**Work item**
Every line from the one that contains "a metal gate" to the end of the material below should be output exactly, with both ends included and nothing else.

**Data block**
※ ※ ※
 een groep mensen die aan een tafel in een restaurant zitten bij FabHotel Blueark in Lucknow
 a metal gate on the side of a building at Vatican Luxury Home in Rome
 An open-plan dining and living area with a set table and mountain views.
※ ※ ※
**Answer area**
 a metal gate on the side of a building at Vatican Luxury Home in Rome
 An open-plan dining and living area with a set table and mountain views.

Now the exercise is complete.